Alliance for Independence – Good Tactic or Risky One?

The Event:

Greater Glasgow P4Indy Group invited Dave Thompson former MSP and now one of the founders of the Alliance for Independence (AFI) to contribute to a recent virtual meeting. Alan Logue, convenor of the group, stated at the outset that Pensioners for Indy are a non-party political organisation and do not endorse any party. The invitation to Dave is to better inform our members about the AFI initiative, its possible benefits and its possible risks.

Thirty nine people logged into the event. Dave spoke for about 20mins and there followed a lively Q&A sessions with points being made on both the pros and the cons of having List-Only Indy supporting parties.

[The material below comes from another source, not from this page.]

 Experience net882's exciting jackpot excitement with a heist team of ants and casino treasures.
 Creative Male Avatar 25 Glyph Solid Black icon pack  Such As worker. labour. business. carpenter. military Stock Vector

The questions covered a lot of ground:

  • With SNP we know what we getting, they have a manifesto, same with the Greens. You say that AFI will not have a manifesto. That may be OK to get us to independence but those AFI MSPs will still be in Holyrood afterwards and we have no way of knowing what they would vote. Presumably individual MSPs will just vote according to their own views?
  • What are electoral Commission saying about accepting AFI
  • How likely is it that small parties are going to join in with you?
  • What if SNP don’t do as well as polls are saying, are we not in danger of making things worse rather than better?
  • If Greens don’t join AFI is it still viable?
  • How is it going to be funded? If people vote for you, won’t this be lauded by Unionists as SNP losing their power? And then be used it to make negotiations much more difficult?
  • Where SNP are likely to win a list seat, would you stand a candidate or step aside?
  • Coalitions are normal in a lot of countries, why on earth don’t you have a manifesto now that you can promote in phase two after independence?
  • D’Hondt system works well in producing a parliament which reflects how we vote. If this initiative ends up with a less proportional parliament is that really a good thing? Some people are concerned with the ethics of that. And wouldn’t a less proportional result it be used to argue against the legitimacy of the parliament?
  • There is no certainty that SNP will get the majority of the seats. As happened in 2016 when SNP got fewer votes. Why risk that again? Is it not a dangerous thing to do?